Aujourd’hui, l’expansion sans limite de la mégapole francilienne a été rendue possible grâce à un approvisionnement continu et d’origine lointaine de toutes les sources de sustentation (alimentation, énergie, etc.) et à la tertiarisation de l’emploi qui permet une plus grande concentration des personnes pour produire de la richesse. L’Île-de-France est sortie de son bassin de subsistance et ne produit plus que 10 % de ce qu’elle consomme. En 2050, les moyens de transport et la quantité d’énergie disponibles seront radicalement différents et ces changements conduiront à une transformation profonde de l’aménagement des territoires et de la vie qui pourra s’y développer, selon le scénario Biorégion Ile-de-France 2050 développé par l'Institut Momentum avec le soutien du Forum Vies Mobiles, think tank de la Sncf.

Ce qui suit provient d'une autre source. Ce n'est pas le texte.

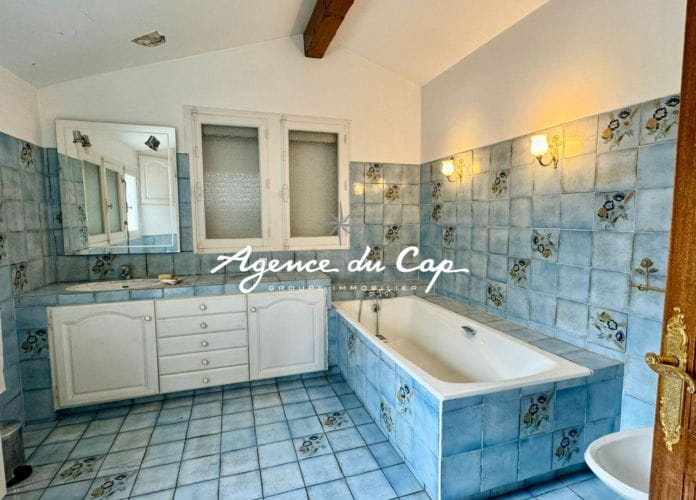 à vendre villa 5 pièces 322m², terrain piscinable avec cuisine d’été, au calme idéalement située à sainte-maxime (11)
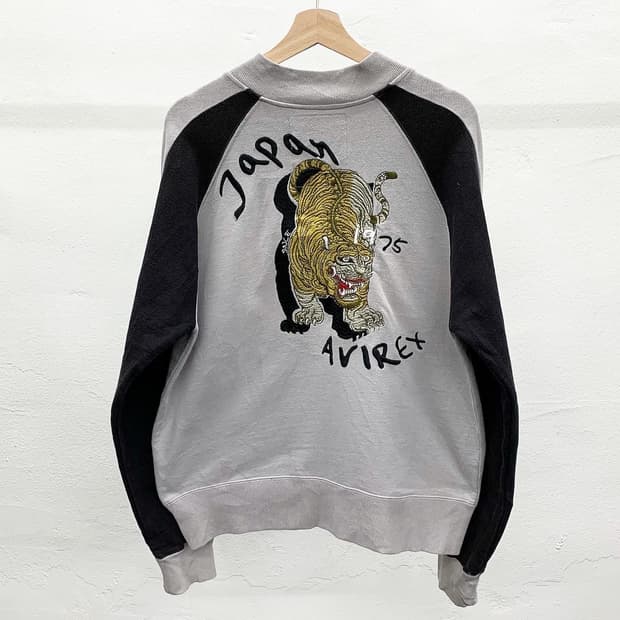 아비렉스 그레이 빅타이거 자수 코튼 블루종 자켓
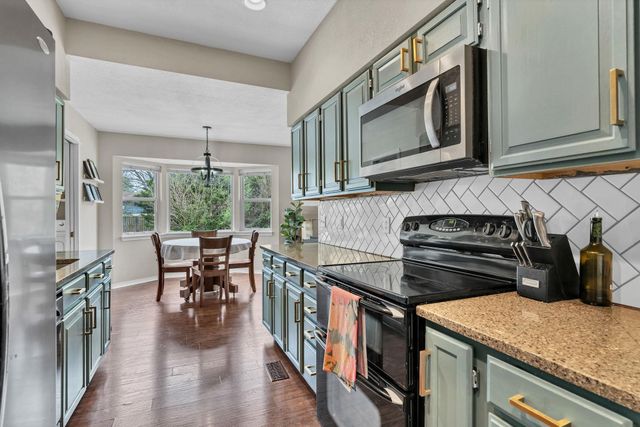 24 E Huntington, Augusta, KS 67010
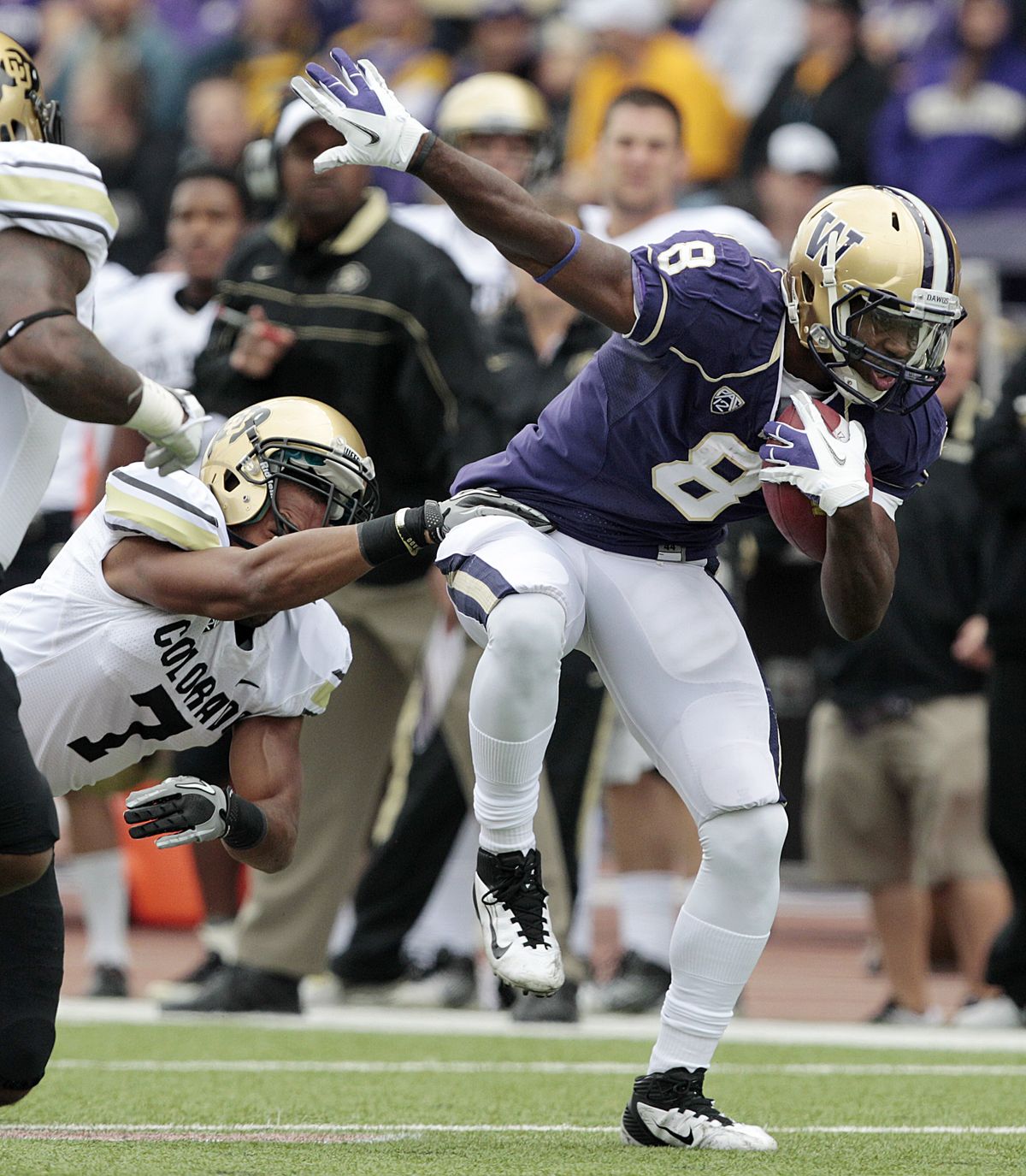 Wide receiver Kevin Smith is one of a stable of offensive weapons the Washington Huskies can go to. (Associated Press)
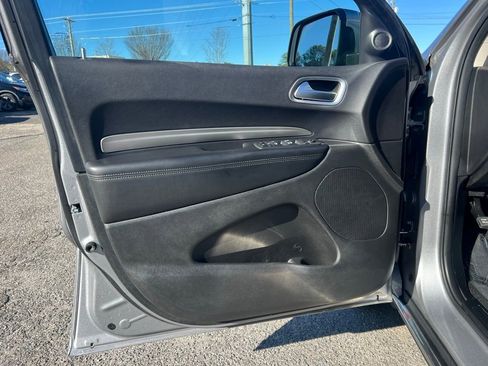 Used 2020 Dodge Durango SXT w/ 3rd Row Seating Group image 9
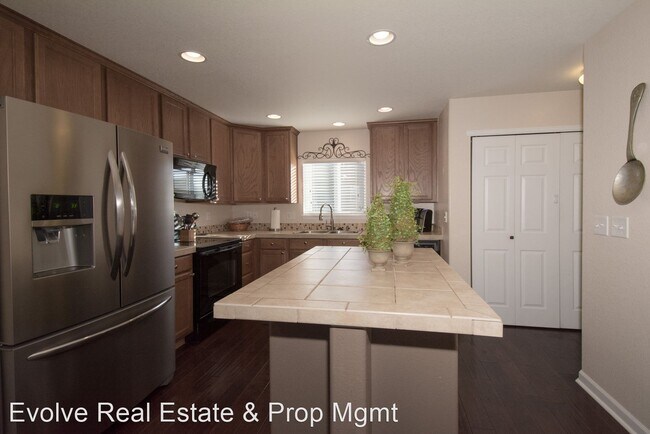 Building Photo - 3 br, 2.5 bath House - 3842 Tranquility Trail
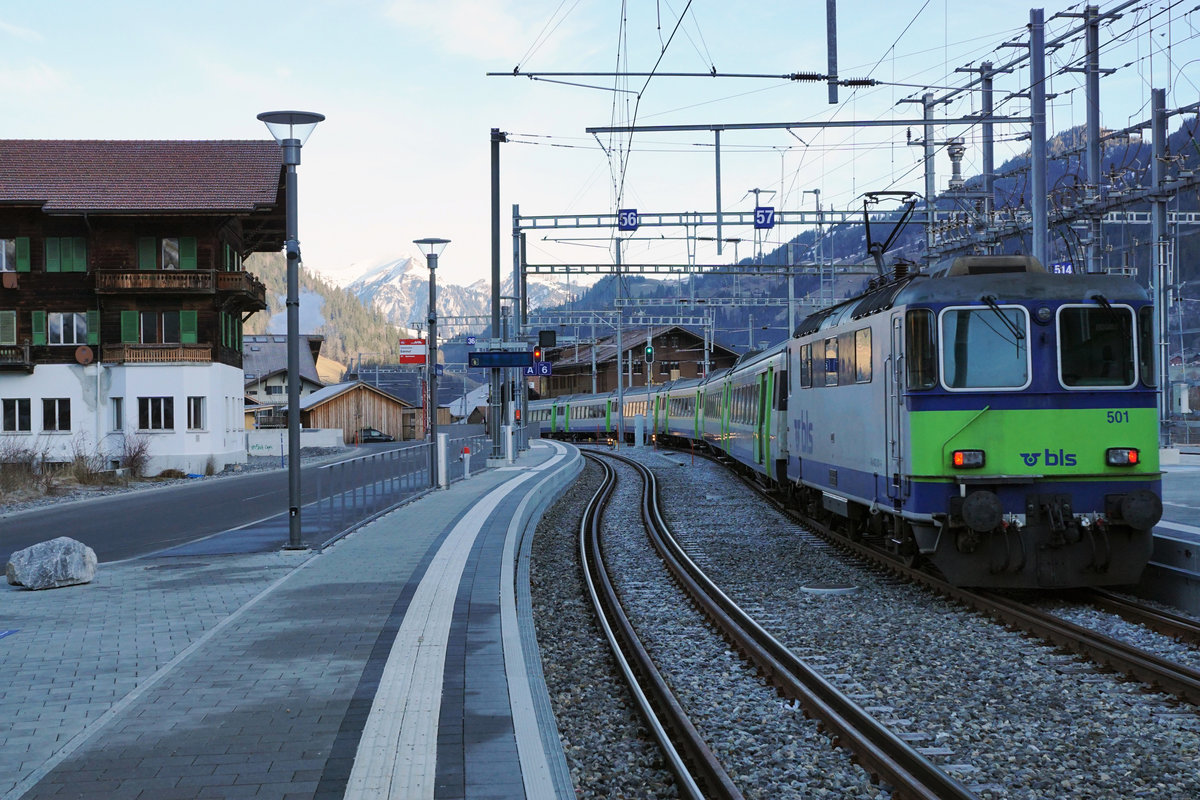 Bern-Lötschberg-Simplon-Bahn/BLS.
Das Simmental, die letzte Bastion der BLS Re 420.
Die wenigen noch betriebstüchtigen ehemaligen SBB Re 4/4 II der BLS Flotte gelangen zur Zeit nur noch planmässig für die Führung der RE Interlaken Ost - Zweisimmen zum Einsatz.
Die noch bestehenden Lokzüge vom RegioExpress Bern - Neuchâtel - La Chaux-de-Fonds sowie von den im Simmental verkehrenden RE wurden gedreht wegen dem Umzug vom Depot Aebimatt nach Spiez, wo neu die Arbeiten für den Unterhalt ausgeführt werden.
RE Ausfahrt Zweisimmen mit der Re 420 501 vom 8. Januar 2020.
Foto: Walter Ruetsch  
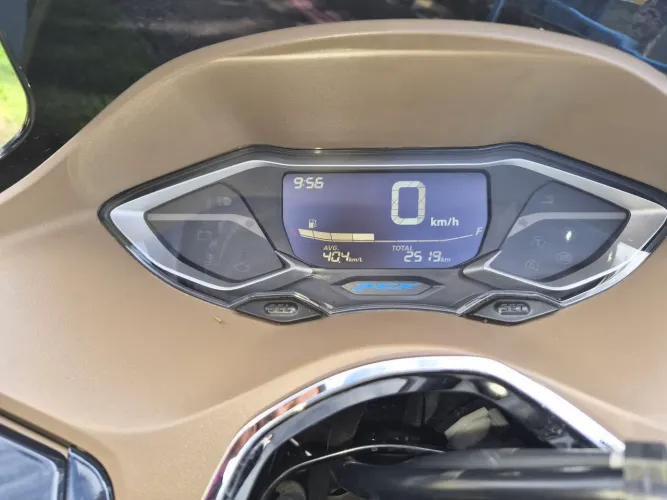 HONDA PCX 160 COMPLETA COM APENAS 2.500 KM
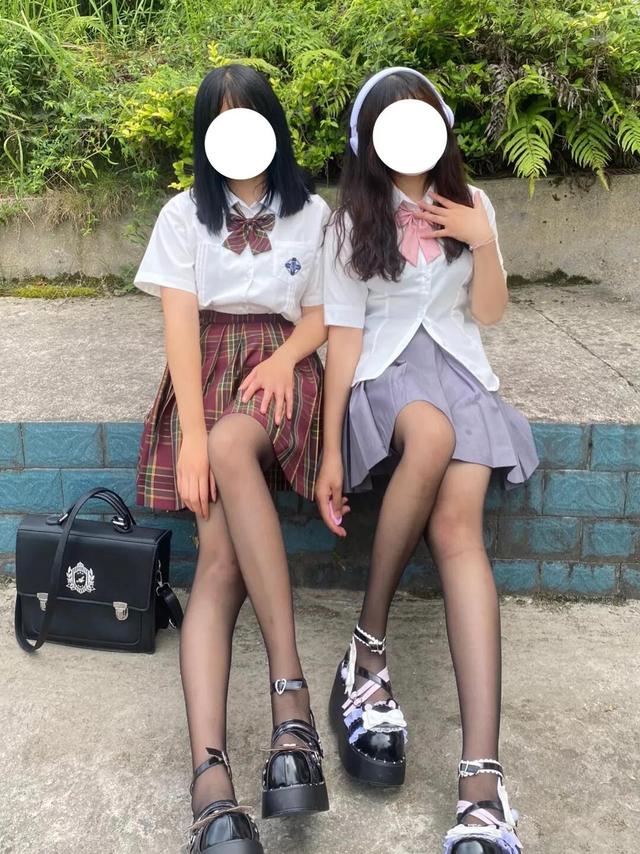 黑丝控图集，性感美女黑丝jk制服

L’imminence de perturbations systémiques obligera l’Île-de- France à renoncer à l’efficacité actuelle de son fonctionnement basé sur de grands réseaux d’approvisionnement mondialisés et sur la spécialisation fonctionnelle d’espaces organisés autour d’un seul centre fortement urbanisé. En effet, cette efficacité rend le territoire régional extrêmement vulnérable. Ce sera la fin de la mégalopole parisienne, trop grande, trop dense et extrêmement fragile face aux crises.
Elle se disloquera en entités plus petites qui devront compter sur leurs propres ressources. Les activités sociales et productives seront réorganisées à de plus petites échelles. Ce changement d’échelle d’organisation du territoire régional lui permettra de mieux résister aux situations d’urgence et aux crises.
Sa résilience sera confortée par la redondance croissante de ses équipements et de ses réseaux. […] La consommation électrique annuelle des transports franciliens (2,3 TWh - TeraWattheure) représente, à elle seule, environ les deux tiers de toute l’électricité produite dans la région (3,6 TWh en 2015). Les trains, RER et métro transportent plus de sept millions de personnes et 30 000 tonnes de marchandises par jour en Île-de-France. C’est à la fois très important, et bien moindre que le transport routier, basé sur le pétrole. En Île-de- France, malgré un réseau ferroviaire plus développé que dans le reste du pays, les produits pétroliers et les agrocarburants représentent 96 % de la consommation énergétique des transports. Et la quasi-totalité des 16 000 tep (tonnes équivalent pétrole) consommées chaque jour (115 000 baril/jour) passe par l’unique pipeline d’Île-de-France. En raison de sa dépendance quasi totale aux produits pétroliers et d’une forte hausse du besoin de mobilité, le secteur des transports pourrait représenter le premier risque à court terme pour les sociétés modernes en général et pour l’Île-de-France en particulier.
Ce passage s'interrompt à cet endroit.